Yargıtay Kararı 16. Hukuk Dairesi 2020/1916 E. 2020/6395 K. 25.12.2020 T.

YARGITAY KARARI
DAİRE : 16. Hukuk Dairesi
ESAS NO : 2020/1916
KARAR NO : 2020/6395
KARAR TARİHİ : 25.12.2020

MAHKEMESİ :KADASTRO MAHKEMESİ

Taraflar arasında görülen dava sonucunda verilen hükmün Yargıtay’ca incelenmesi istenilmekle; temyiz isteğinin süresinde olduğu anlaşıldı, inceleme raporu ve dosyadaki belgeler okundu, GEREĞİ GÖRÜŞÜLDÜ:

Kadastro sırasında, … İlçesi … Köyü çalışma alanında bulunan 170 ada 3 parsel sayılı 15.427,17 metrekare yüzölçümündeki taşınmazın tesbitine ilişkin uyuşmazlık çıktığından, konu Kadastro Komisyonuna intikal etmiş; Kadastro Komisyonunca, yetkisizlik kararı verilerek tutanak ve ekleri Kadastro Mahkemesine aktarılmıştır. Kadastro mahkemesinde yapılan yargılama sırasında müdahil …, irsen intikal, taksim ve kazandırıcı zamanaşımı zilyetliğine dayanarak davaya katılmıştır. Mahkemece yapılan yargılama sonunda, müdahil davacı …’ın davasının kabulüne, çekişmeli 170 ada 3 parselin, fen bilirkişisi tarafından keşif raporunda (A) harfi ile gösterilen 8065,77 metrekarelik kısmının davacı …, (2) ile gösterilen 5.592,12 metrekarelik kısmının … ve (H3) ile gösterilen 1768,83 metrekarelik kısmının Hazine adına tesciline ve boş bırakılan malik hanesinin bu şekilde doldurulmasına karar verilmiş; hüküm, davacı Hazine temsilcisi, davalı … vekili ve müdahil davacı vekili tarafından temyiz edilmiştir.
Dosya içeriğine, kararın dayandığı delillerle yasaya uygun gerektirici nedenlere ve delillerin takdirinde bir isabetsizlik bulunmamasına göre müdahil davacının tüm, davalı …’nün ise sair temyiz itirazları yerinde değildir.
Ancak; Mahkemece, müdahil ve miras bırakanları tarafından taşınmazın uzun süre kullanıldığı ve mülkiyetini elde ettikleri, ancak yörenin şartları gereği söz konusu yere askeri birlik yerleştikten bir müddet sonra, taşınmazdan istemleri dışında çıkarıldıkları kabul edilerek yazılı şekilde karar verilmiş ise de, varılan sonuç dosya kapsamına uygun düşmemektedir.

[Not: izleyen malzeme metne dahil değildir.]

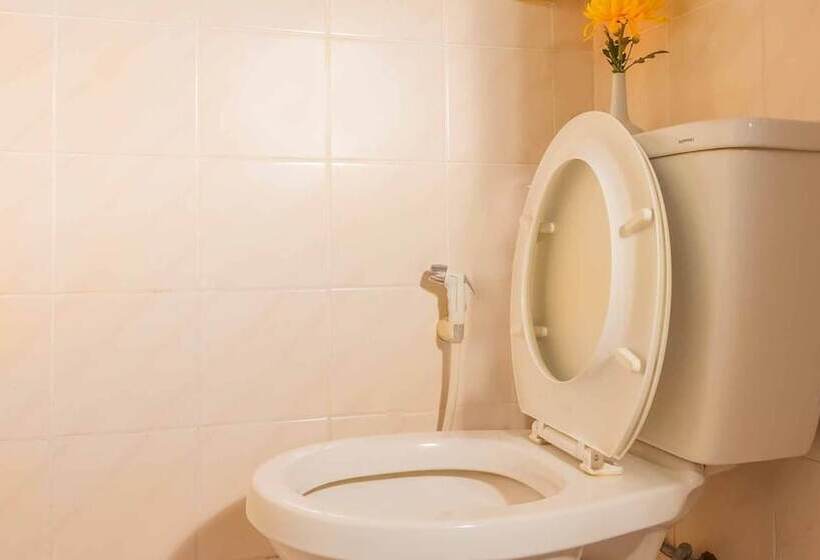 تختخواب و صبحانه Sabina Guesthouse Kamala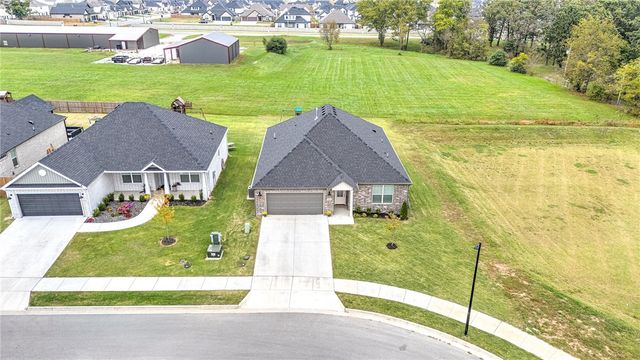 1911 Finnegan Street, Bentonville, AR 72713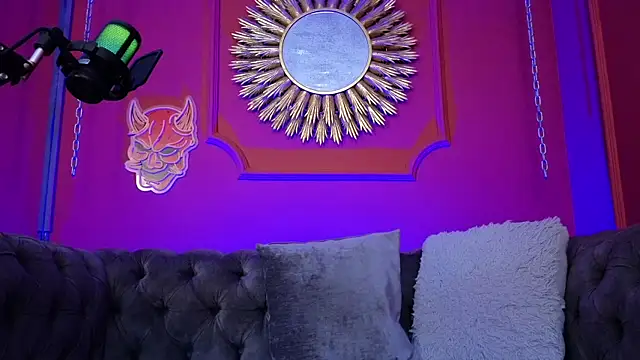 Julieta_Russell webcam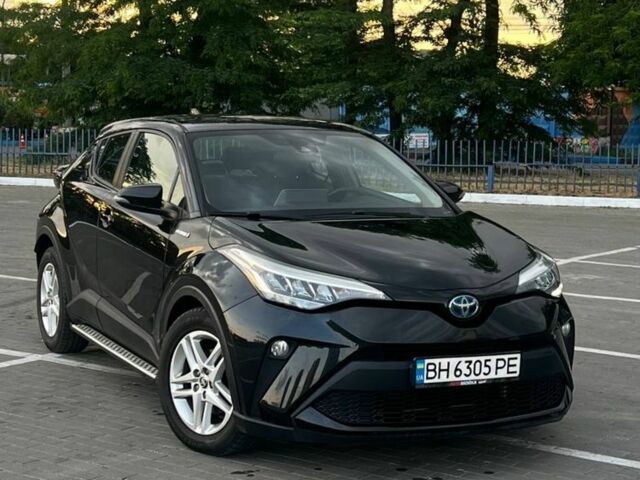Чорний Тойота C-HR, об'ємом двигуна 1.8 л та пробігом 30 тис. км за 25000 $, фото 1 на Automoto.ua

Taşınmazın zilyetlikle kazanılabilmesi için öncelikle zilyetlikle kazanılabilecek yerlerden olması, bundan sonra da 3402 sayılı Yasa’nın 14. ve 17. maddeleri uyarınca emek ve para harcanmak suretiyle imar-ihya edilerek tarıma elverişli hale getirilmesi ve bu işlemlerin tamamlanmasından sonra kazanmayı sağlayacak zilyetlik süresinin geçmesi zorunludur. Somut olayda; ziraat mühendisi bilirkişisi tarafından dosyaya sunulan her iki raporda, taşınmaz üzerinde sadece 400 metrekarelik taşınmaz bölümünün tarımsal amaçlı kullanılabileceği bildirilmiş olup bu bölümde de taşınmazın imar ihya edilmediğinin anlaşıldığı ve beyanlarına başvurulan mahalli bilirkişiler ve tanıkların ifadelerine göre de müdahillerin mirasbırakanları adına dahi kazanmayı sağlayan zilyetlikli edinme koşullarının oluşmadığı ve buna bağlı olarak zilyetlikle taşınmaz edinme koşullarının müdahil lehine gerçekleşmediği anlaşılmaktadır.
Hal böyle olunca; Mahkemece, dava konusu taşınmazlar üzerinde müdahil davacı lehine zilyetlikle taşınmaz edinme koşullarının oluşmadığı dikkate alınarak, davanın reddine ve malik hanesi açık bırakılan taşınmazın müdahil adına tesciline karar verilen (A) harfi ile gösterilen bölümün de davacı Hazine adına tesciline karar verilmesi gerekirken, dosya kapsamına uygun olmayan gerekçelerle davanın kabulüne karar verilmesi isabetsiz olduğu gibi, … harçtan muaf olduğu halde aleyhine harca hükmedilmesi de isabetsiz ise olup, Hazine ve …’nün temyiz itirazları açıklanan nedenlerle yerinde görüldüğünden kabulü ile hükmün BOZULMASINA, peşin yatırılan temyiz karar harcının talep halinde temyiz edene iadesine, yasal koşullar gerçekleştiğinde kararın tebliğinden itibaren 15 gün içinde karar düzeltme yolu açık olmak üzere, 25.12.2020 gününde oybirliğiyle karar verildi.